Making Document Intelligence Beautiful: Cleaning OCR Noise for Power Automate

Repository: nampacx/A-more-beautifull-Document-Ingelligence

The Problem with Perfect OCR 🤔

Azure Document Intelligence is incredibly powerful. Point it at an invoice, and you get back structured data—line items, totals, vendor information, the whole package. But here’s the catch: you also get everything else. 📦

Bounding boxes. Polygon coordinates. Span metadata. Confidence scores for every character. Layout geometry that would make a cartographer jealous. 🗺️

When you’re building a Power Automate flow that just needs to know “what was the invoice total?” this flood of metadata becomes noise. You don’t want to write complex expressions to navigate through layers of OCR metadata just to extract a simple field value.

A Real-World Use Case

A customer wanted to automate invoice processing: email arrives with PDF attachment, Power Automate triggers, Document Intelligence reads the invoice, structured data flows into their business system. Simple workflow, right?

The challenge wasn’t the OCR accuracy—Document Intelligence nailed that part. The challenge was making the JSON response usable in Power Automate without writing a PhD thesis worth of filter expressions.

That’s where this project comes in.

The Solution: Less Metadata Soup, More Business Data 🍲➡️📊

A More Beautiful Document Intelligence is a .NET Azure Functions app that acts as a JSON cleanup layer between Document Intelligence and Power Automate.

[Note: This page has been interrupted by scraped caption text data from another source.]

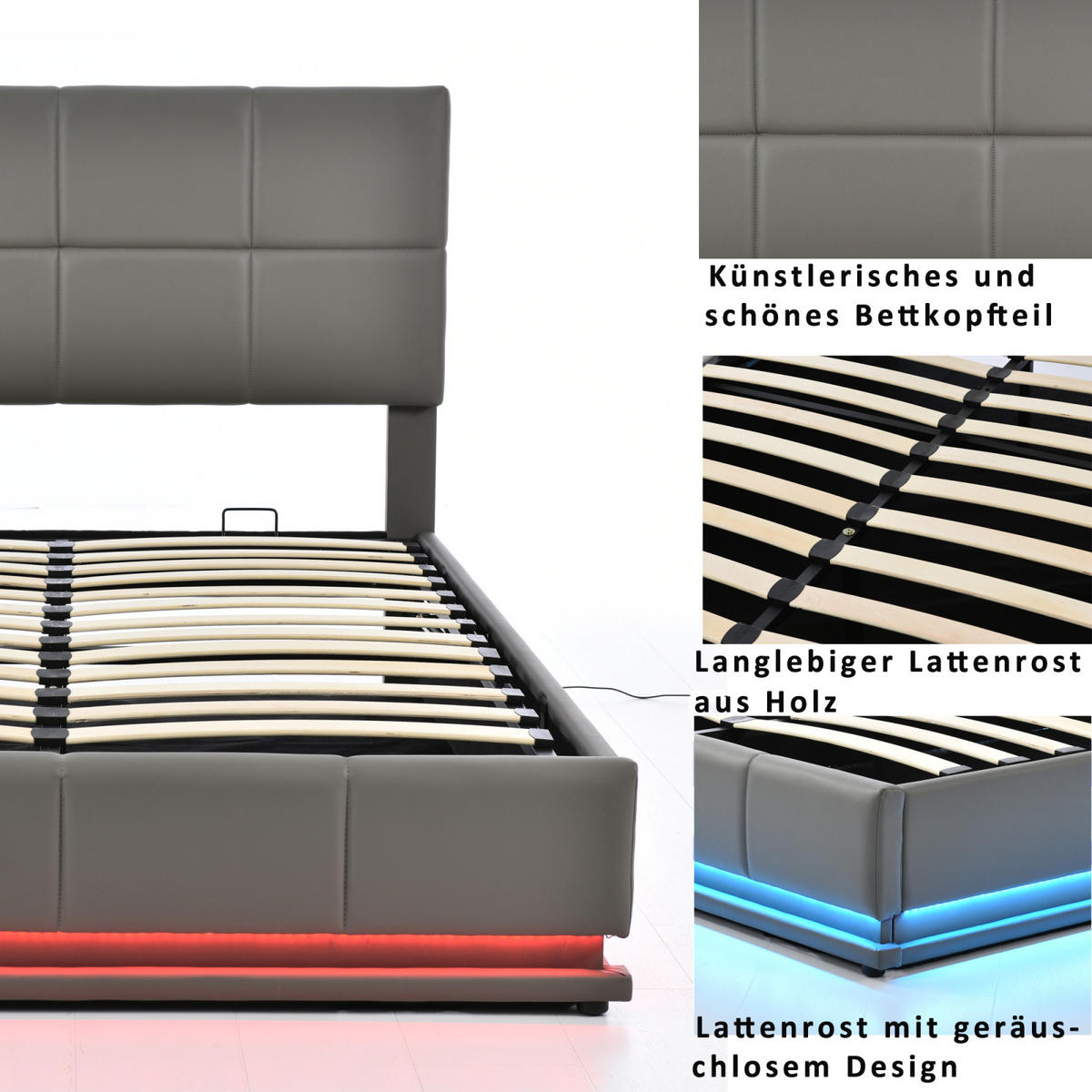 POLSTERBETT 140x200 cm, Grau, mit LED-Beleuchtung - Grau, Textil/Metall (140/200cm)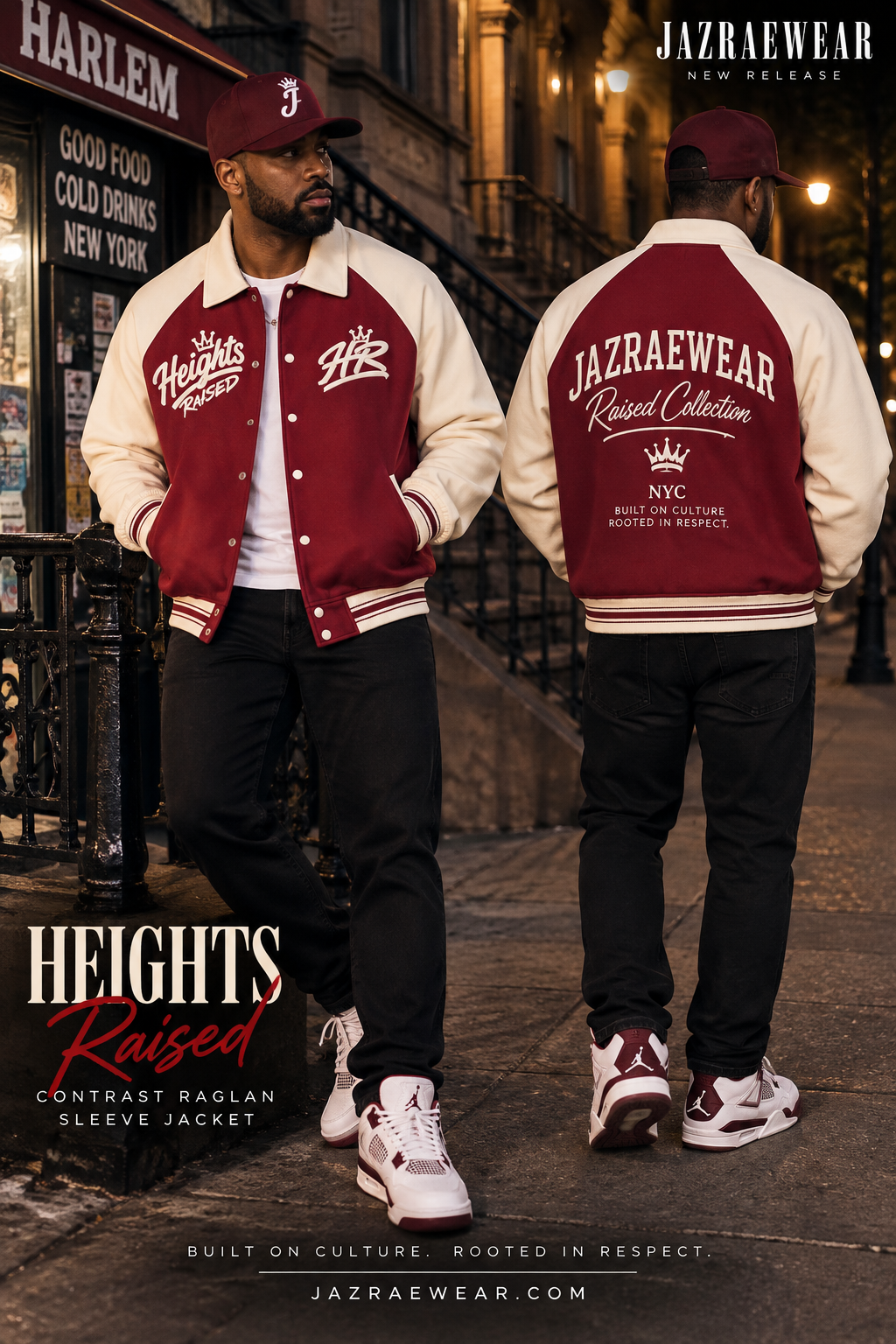 Heights Raised Contrast Raglan Sleevel Jacket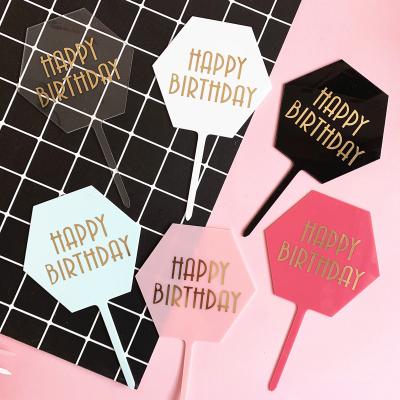 China Cake Accessory Gold Foiled 6 Colors Happy Birthday With Toppers Hexagon Cup Grand Prizes Acrylic Wedding Cake Topper for sale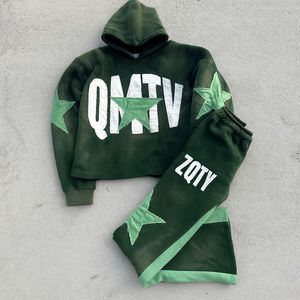 เสื้อฮู้ดกันหนาวมีฮู้ดสำหรับผู้ชายกางเกงวอร์มและชุดเสื้อฮู้ดกันหนาวมีฮู้ดปักลายแนวสตรีทโลโก้ตามสั่ง - Product Image 2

It provides three HTTP-triggered functions, each addressing a specific cleanup need:

📊 BeautifulTables: Normalize Table Structures

Takes Document Intelligence table arrays and normalizes them into one of two semantic types:

Key-value tables: Label → value pairs (think metadata sections)
Columnar tables: Headers + data rows (think line item lists)

Strips the OCR layout noise while preserving the actual table content and structure.

📄 BeautifulContent: Extract Clean Text

Accepts full Document Intelligence analyze-result payloads and returns just the page and paragraph content—plain text, no geometry.

Perfect when you need the document text without caring about where exactly on the page each word appeared.

🧾 BeautifulEntries: Parse Invoice Line Items

The most specialized function. Extracts structured invoice line entries from paragraph-based JSON:

Position numbers
Item descriptions
Quantities and units
VAT rates
Unit prices and totals

All the business-critical fields, none of the OCR metadata. ✨

Architecture: Keep It Simple 🏗️

The project structure follows clean separation of concerns:

azfnct/
├── Functions/       # HTTP endpoints
├── Services/        # Transformation logic
└── Models/          # DTOs

infra/               # Bicep deployment

Each function accepts JSON via POST, runs transformations through service classes, and returns clean DTOs. No state, no databases, no complexity—just pure data transformation.

The deployment includes Bicep infrastructure-as-code, so you can spin up your own instance with a single script.

Integration with Power Automate 🔄

In a typical workflow:

📧 Email arrives with invoice PDF
📎 Power Automate extracts attachment
🔍 Calls Document Intelligence (prebuilt-invoice or prebuilt-read)
🧹 Sends raw response to your cleanup function
✨ Receives clean JSON
🎯 Maps fields directly to your business system

Step 4 is the secret sauce. Instead of wrestling with Document Intelligence’s verbose response in Power Automate expressions, you get structured data shaped exactly how you need it. 🎉

Disclaimer: Shaped by Real Documents ⚠️

The extraction rules here were tuned using a specific set of customer invoices. Invoice formats vary wildly across vendors, regions, and industries.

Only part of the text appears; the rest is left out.